NEWARK, NJ - The Newark Museum received $50,000 from Panasonic Corporation of North America for the Explorers Program to prepare Newark-area high school students for college, career, and life.
The Explorers program leverages museum resources and partnerships to provide comprehensive after-school STEAM (science, technology, engineering, arts, mathematics) curriculum for rising ninth or 10th-grade students.
“We have the technology partner and the cultural partner,” said Linda Harrsion, director and CEO of the Newark Museum. “Without these types of partnerships, particularly Panasonic, we would not be able to have such a robust Explores program.”
Each year, the program accepts 40 students and exposes them to diverse jobs and fields of study that blend art and science throughout the three or four years until students graduate high school.
Since its inception in 1995, more than 280 students graduated from the Explorers Program.
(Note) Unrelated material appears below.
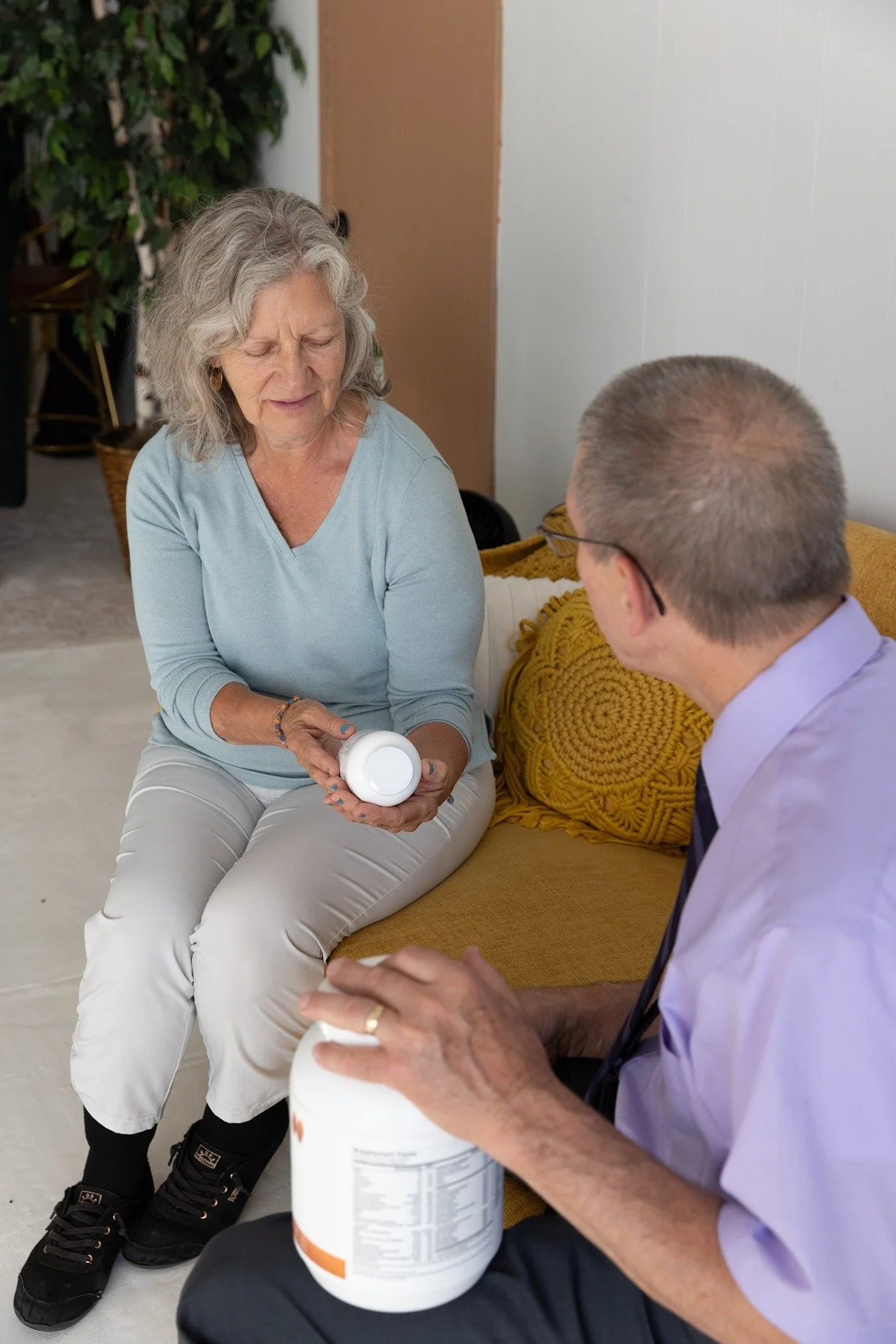 A senior woman with gray hair wearing a light blue top and white pants sitting on a couch, holding a supplement bottle. A man in a light purple shirt and glasses is sitting across from her, also holding a supplement container. They appear to be discussing or examining the supplement bottles.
For the past 10 years, all of Explorers graduated high school and attended four-year colleges or universities. In 2018, five seniors out of a class of 13 were offered full scholarships.
Students are paid to participate in the program six hours a week during the school year and 25 hours per week during the summer. Students must also complete at least 30 hours of community service each year.
“Panasonic is proud to align with the Newark Museum in our goal to increase access to STEAM education and help students thrive in a 21st-century economy,” said Alejandra Ceja, executive director, Panasonic Foundation and Office of Corporate Social Responsibility. “Their unique program offers a road map for long-term success, both academically and professionally.”
The program won a National Arts and Humanities Youth award given to institutions using the arts and humanities outside of the school day to build students’ skills, creativity, and self-confidence.
Students in the program referred to as “Explorers,” intern in different areas of the museum and lead self-designed projects for exposure to a variety of fields of study.
A group of students developed wearable technology to improve public speaking for teenagers using on of the museum's art collections as inspiration.
Students created a coat that simulated compression technology to “hug” students and calm them down when they’re feeling nervous during a presentation.
Jessica Nunez, a museum educator and Explorer program coordinator, said the program changed how she views science and STEM careers. She appreciates how the museum features art, science, and employs teenagers.
“I’m thankful that Panasonic has decided to support the Explorer Program,” said Nunez. “When we give a voice to young people, it always amazes me how incredible they are, how they lead and pave the way.”